The government of Burkina Faso has banned an annual beauty contest for women with the biggest buttocks, saying such events are sexist.
Adverts for this weekend’s third edition of ‘Miss Bim-Bim’, carrying an image of two fully clothed women with exaggeratedly large behinds, provoked an outcry on social media. “Our role is to do everything to avoid damaging the image of women,” said Minister Laure Zongo in a statement, adding that social media criticism had persuaded her to act.
The male organiser of the event, Hamado Doambahe, said it aimed to promote a more positive body image for African women and encourage fashion designers to use African costumes.
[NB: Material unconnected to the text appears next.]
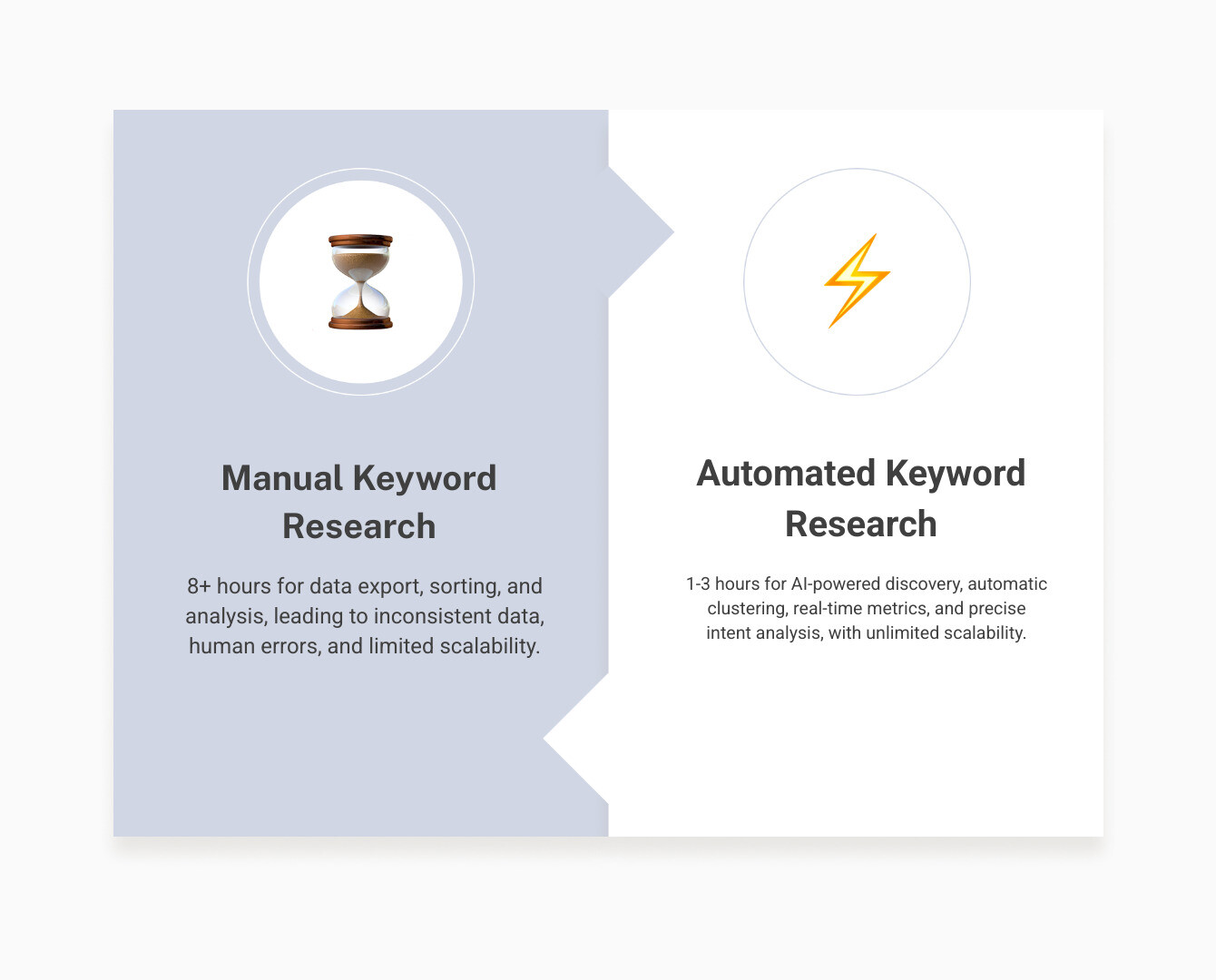 Infographic comparing manual keyword research workflow (8+ hours: export data, manual sorting, spreadsheet analysis, guess intent, limited scale) versus automated keyword research workflow (1-3 hours: AI-powered discovery, automatic clustering, real-time metrics, intent analysis, unlimited scale) - Automated keyword research infographic comparison-2-items-formal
Contests like Miss Bim-Bim have been held in other West African countries.
Women’s rights groups have mixed views about the tendency in many African cultures to celebrate women with larger bodies than are typically admired elsewhere. While they welcome the shift away from the unnaturally thin female shapes promoted by the global fashion industry, they deplore the emphasis on men judging women’s body shapes.
The head of Burkina Faso’s High Council for Communications, Nathalie Some, called in a statement for people in advertising, the media and the arts to protect the rights of women and girls.
It’s interesting how the world over, there are such stark contrasts regarding the perception of female clothing. With there being debates on ending the swimsuit round in international beauty pageants (there have been tweaks to formats with similar rounds being renamed and rethought) because it objectifies women to the banning (now suspended) of the burkini in a couple of French towns because the full-body suit apparently symbolises enslavement of women.
As multiple debates rage on, the fact that the banning of Miss Bim-Bim has mixed views within women’s rights groups, it’s evident that in fashion and beauty, there can be no clear demarcation.